=== TASK DESCRIPTION ===
What are the lines, copied exactly, from the one containing "ICT Billet Alternator/Power" through the final line of the material? Leave the pictures out.

Segment Start: INFORMATION SUPPLIED

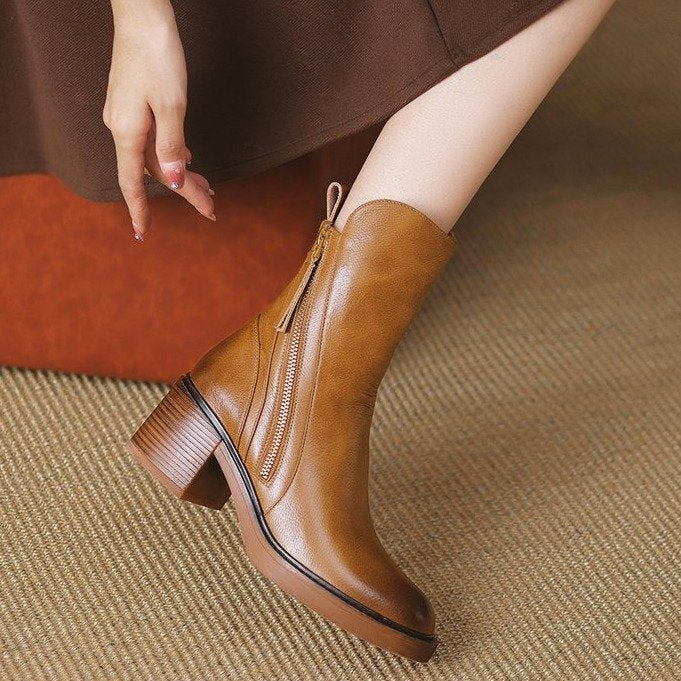 Women's Vintage Chunky-Heel Ankle Boots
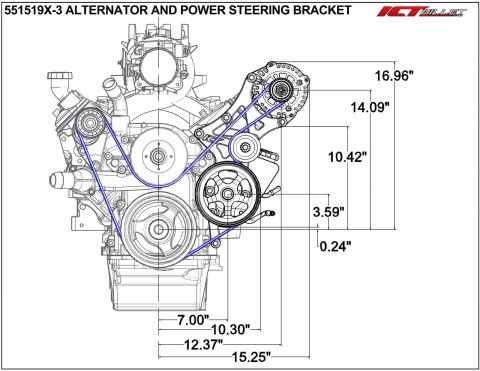ICT Billet Alternator/Power Steering Bracket Kits 551519X-3 Alternator and Power Brackets, Driver Side, Alternator Upper Mount, Power Lower Mount, Aluminum, Chevy, LS, Kit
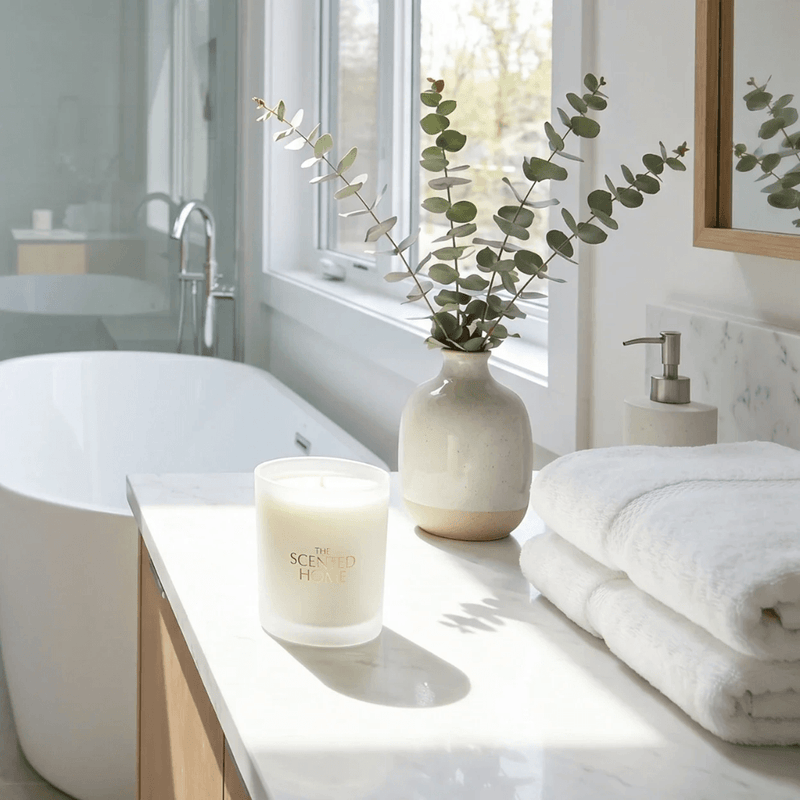 The Scented Home Peony scented candle styled in a bright bathroom beside folded towels and eucalyptus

Segment End: INFORMATION SUPPLIED

=== EXERCISE OUTPUT ===
ICT Billet Alternator/Power Steering Bracket Kits 551519X-3 Alternator and Power Brackets, Driver Side, Alternator Upper Mount, Power Lower Mount, Aluminum, Chevy, LS, Kit
 The Scented Home Peony scented candle styled in a bright bathroom beside folded towels and eucalyptus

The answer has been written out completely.